I’m just not sure where most women get the notion that lifting weights will make them look like Arnold.  Is it the media?  Is it the models that tell us that we should be stick thin and anorexic?  Was it our parents (ie. Mom’s) that put it in our heads?

Weights are great for everyone and have an incredible amount of benefits.  Benefits include an increase in calorie expenditure daily, slower bone density loss, slow age related muscle loss, makes you less prone to lower back and other injuries, gives you confidence, and increases your HDL cholesterol (the good stuff). These are just a few of many benefits of weight lifting.
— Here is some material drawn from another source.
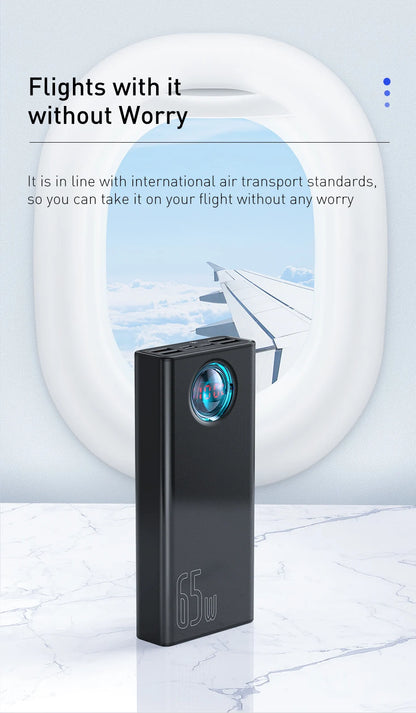 Baseus Power Bank 30000mAh 65W PD3.0 Quick Charging 3.0 FCP SCP Portable External For iPhone 14 12 13 Laptop Tablet Power bank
Your weight routine and genetics will determine your results, not the mere fact that you lift.  Have you ever watched the Ms. Fitness competitions?  Those women lift weights and I don’t think anyone would call them anything less than feminine.  Some of us do carry genetics that will allow us to build muscle mass very quickly, but we still have control over whether or not we do.  If you want to build nice long, lean muscles then do 3 sets of 15 reps for each exercise.  If you want to body build you will do approx. 4 sets of only 3-5.  See the difference?  You will do much more weight if you only lift 3-5 times per set.  Where as doing 15 reps per exercise will take more endurance and much lower weight.

If time is your enemy at the gym then just do some generic weights.  Hit each major muscle group at least once per workout (ie. biceps, triceps, back, chest, shoulders, legs and abs), twice per week with a day of rest in between.  If you need any help planning a personal  routine please email me at val@busymommawellness.com .

If you ever have any fitness, health or nutrition questions you would like addressed please email me anytime.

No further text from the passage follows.